- Input data -
--------------------------------------------------

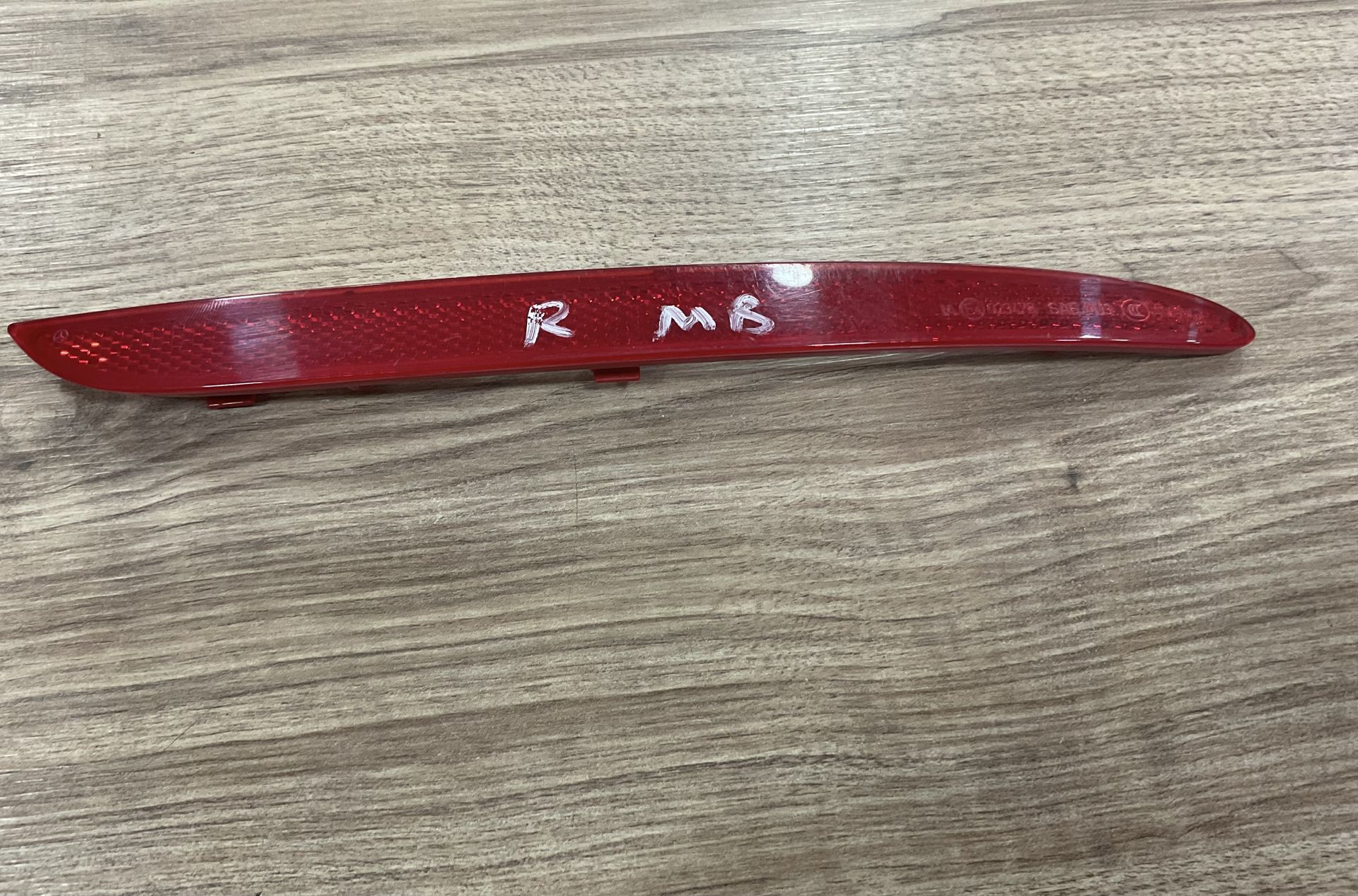 A2178200274 MERCEDES W205 SAĞ ARKA TAMPON REFLEKTÖRÜ ÇIKMA ORJİNAL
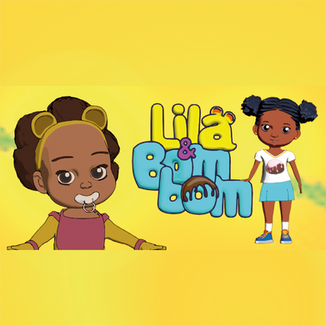 2 meninas olhando pra tela e sorrindo com a logo Lilá e Bombom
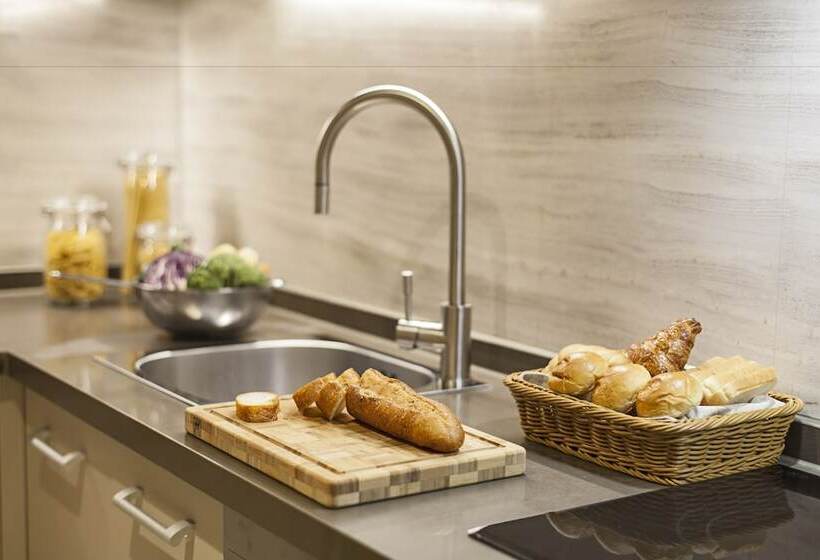 آپارتمان لوکس 1 خوابه, Ascott Riverside Garden Beijing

--------------------------------------------------

From the material above, output every line exactly as written, dropping any picture.

 A2178200274 MERCEDES W205 SAĞ ARKA TAMPON REFLEKTÖRÜ ÇIKMA ORJİNAL
 2 meninas olhando pra tela e sorrindo com a logo Lilá e Bombom
 آپارتمان لوکس 1 خوابه, Ascott Riverside Garden Beijing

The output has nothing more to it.